Better accuracy. Cheaper supplies. Closed loop. Artificial pancreas. Easier diagnostic tools. Doctors who get the “whole picture” and not just numbers. More awareness of the differences between Type 1 and Type 2. More awareness of diabetes overall. A gag order imposed on the Diabetes Police. No complications. No deaths from diabetes. A cure. Heck, fast acting glucose flavor options that don’t make you gag would be nice.
We’re a greedy bunch, aren’t we?
We deserve all of these things. (Some things more than others…) We don’t just idly sit back and wait for them to come to us. We fight for understanding, for support, for encouragement, for community. Some brave souls fight long after their family members have lost their own lives.
I’ve always believed that nothing worth having ever comes easy, but sometimes I wish it wouldn’t be so hard. The financial aspect of diabetes alone is enough to drive one crazy. (And in my case, it’s a short drive.) According to the latest statistics updated yesterday (Did they know I was coming? They could have baked a cake!) from the American Diabetes Association, $245 billion dollars was spent on diabetes in 2012 between direct costs and lost productivity. 25.8 million people in the United States have diabetes (T1 and T2) from the 2011 stats… so, with my mediocre math skills, that comes down to…

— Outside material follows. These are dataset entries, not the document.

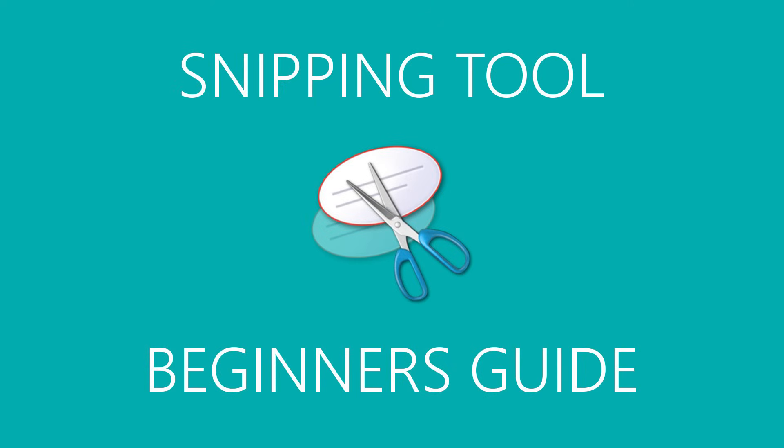That concludes this tutorial on how to use the Snipping Tool. Thanks for watching. If this video helped you out, give it a thumbs up. And if you're new to this channel, be sure to subscribe and ring the bell notification icon for more tutorials and other tech-related stuff from Tech Gumbo.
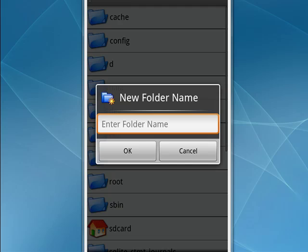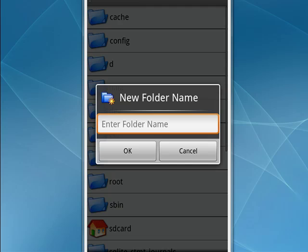When it prompts you for a name, you're going to want to type in 'alarms'. Once you've done that, any sound files that you put inside the alarms folder will be available to set as sounds for alarms or notifications on your Android phone.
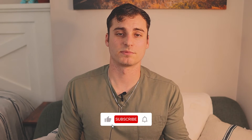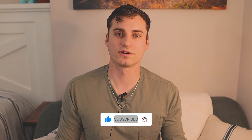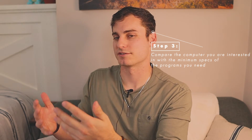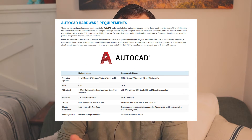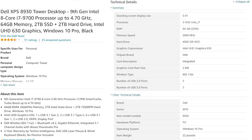Now for some of you, what I just explained may not make a whole lot of sense because you're not computer nerds. So if you want to take a deeper dive, I'll put a link in the description below. But now that you know what to look for, you can look at what the software requires — the minimum requirements for all those programs — and then start looking at computers and laptops to make a more educated decision.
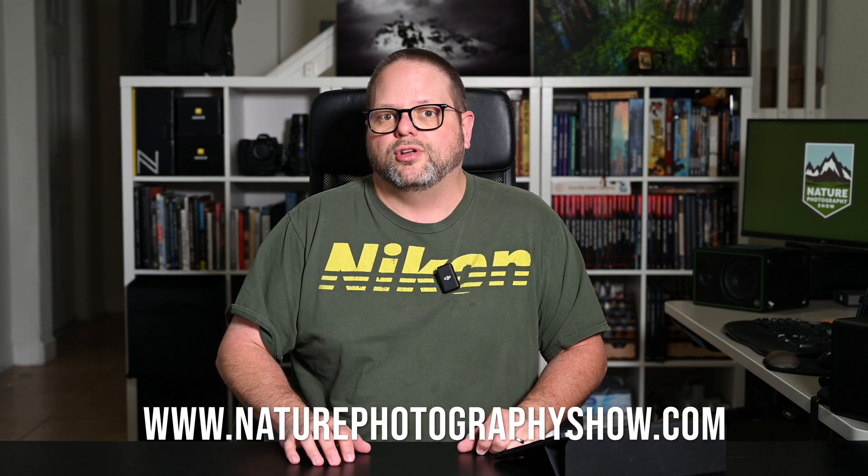If you found something useful in the video, make sure you like and subscribe to the channel, leave comments below. And as always, grab your camera, get off the couch, escape, explore, and create.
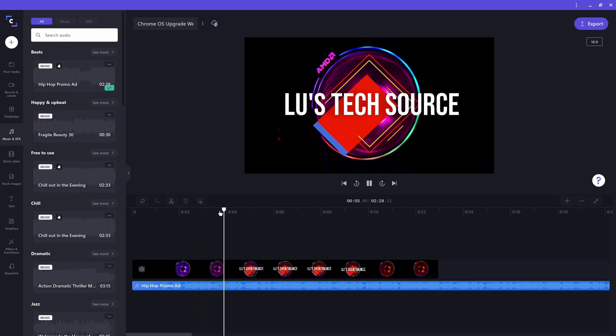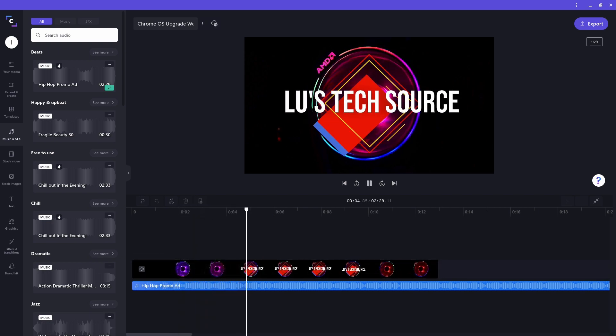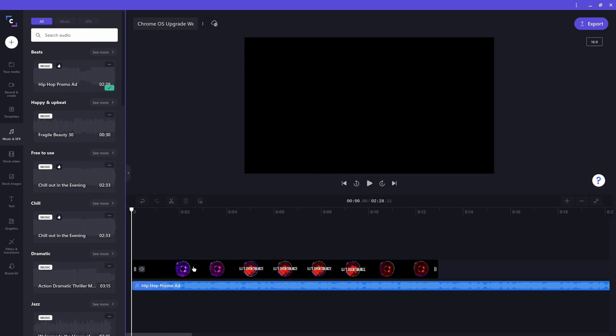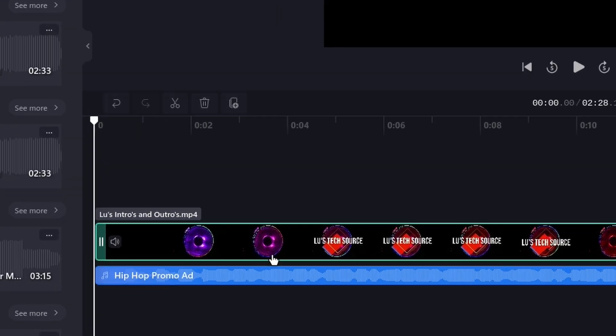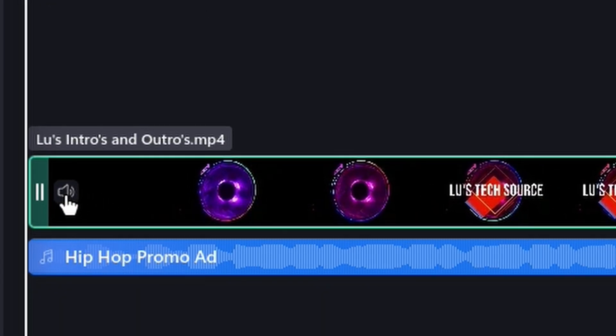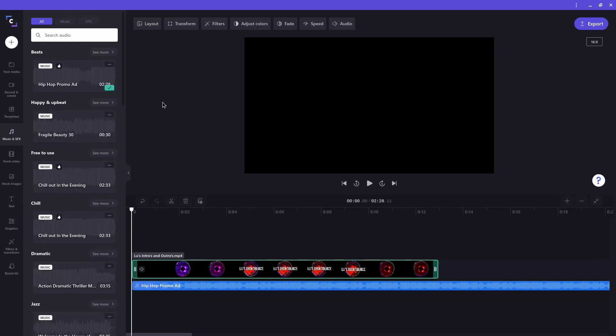I need to mute the audio for my intro clip. The way I do that is by clicking on the speaker icon at the beginning of it. Now, there's an X in front of the speaker letting us know that the clip has been muted. I'll play back the project again.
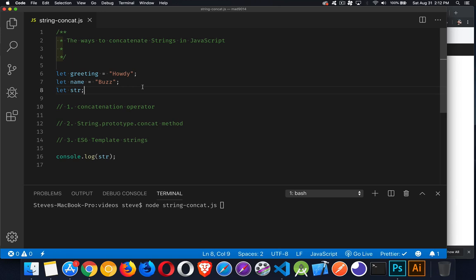Today I want to talk about a fairly basic concept, and that is concatenating strings. How do you take multiple strings and combine them? That's what concatenation is.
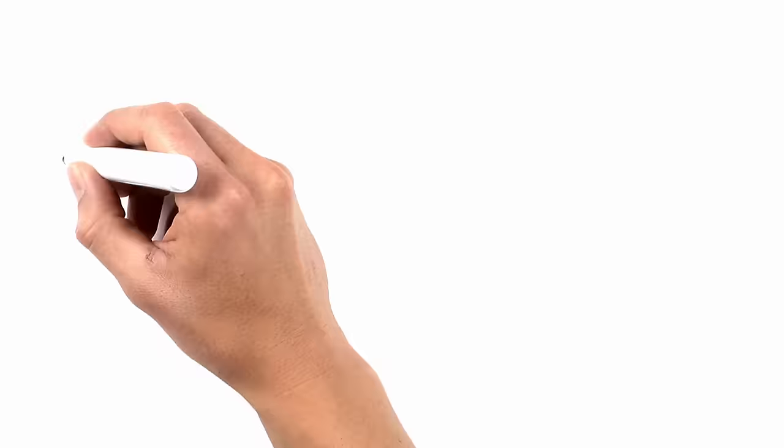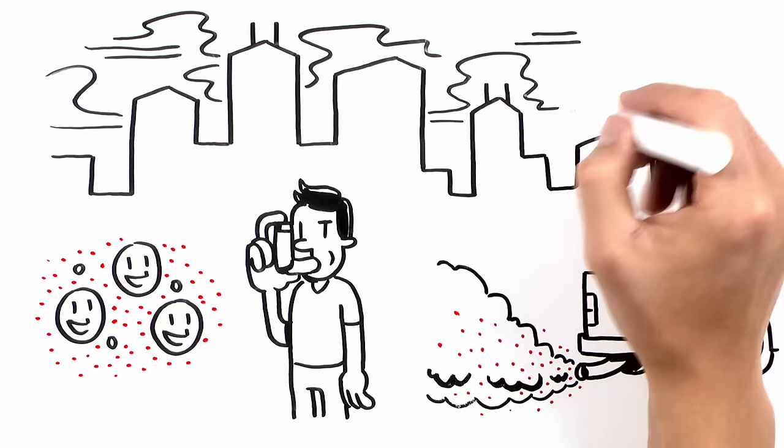That layer of hazy air pollution above big cities? Yup, it contains aerosol particles.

Oh, forget that. I do enough math counting carbs and basal adjustments. It’s a lot. And I’m sure that’s not taking into consideration the cost of trying to eat healthier. (Hat tip to Kerri for the great post about food costs.) The cost of parents driving to and from schools to talk about the 504 plans for their children or to check a blood sugar or give an injection or change an insertion set. It’s not taking into consideration that we are bound to the ideal that we should take good care of ourselves now so we don’t burden our families years from now because we’re not eligible for long term care insurance. The costs of choosing between a needle that hurts a lot and a needle that hurts less. Ripping out an insertion set after two
days hours because it’s occluded. The cost of choosing between accuracy and expensive and not so accurate but you’ll be able to buy other supplies.

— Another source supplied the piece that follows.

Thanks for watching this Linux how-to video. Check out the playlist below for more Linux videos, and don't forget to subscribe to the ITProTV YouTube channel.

We’re greedy. It’s not just dollars. It’s sense. (Yes, I know it’s actually cents. Work with me here, please.)
A sense of feeling good. Healthy. Not looking over our shoulders for the ever present creep of a low or the sledgehammer of a high. Not being second guessed by our medical team or the people we love or… by absolute strangers who think they know all about diabetes because they watched a Lifetime movie or Steel Magnolias or (insert grim face here) a relative.who.is.now.dead. Depression runs amok amongst us. Fact. (If you want to get depressed, feel free to read this scholarly account.) I don’t know about you, but when I’m depressed, I am less likely to fight for what I need. I’ll take what I can get.
Cue the DOC. I definitely got what I wanted when it comes to that. A group of people who come from all walks of life, with different opinions and ideas, and varying levels of potty mouth to keep us all going forward. One person alone can make an impact, groups can make an impact, but oh… the DOC. Be still my heart.
For me, my DOC showed up in the mid 1990s with my discovery of a wonderful man…. David Mendosa. Know him? If you do, then you understand. If you don’t, then take a gander at “The List”. Put it this way, David was my gateway drug when I was jonesing for knowledge and feeling very alone. (Truth? I did not go to “diabetes camps”. I didn’t know a lot of diabetics. Like, I could count them on less than five fingers.) The Insulin Pump Forum helped me make one of the most important decisions of my life in 1999. I couldn’t have take a giant leap forward without their insights and support.
These days? Swing a cat. (A virtual cat, please. No kitties should be harmed in the name of this post.) Bam said the lady. Blogs. Groups. Conferences. Chats. A single phone call from the ER to one T1 friend connected me to a woman in Texas who had the same issues. Bam.
I found out that you want what I want. We want. And want. And want. Together.
Greedy? You bet. And we won’t stop until we get it.
(But until then… suggestions for fast glucose options that won’t break open in the bottom of a purse or glop everywhere and doesn’t taste mindnumbingly bad? I’m all ears. I’m certainly not all pancreas, but I am all ears.)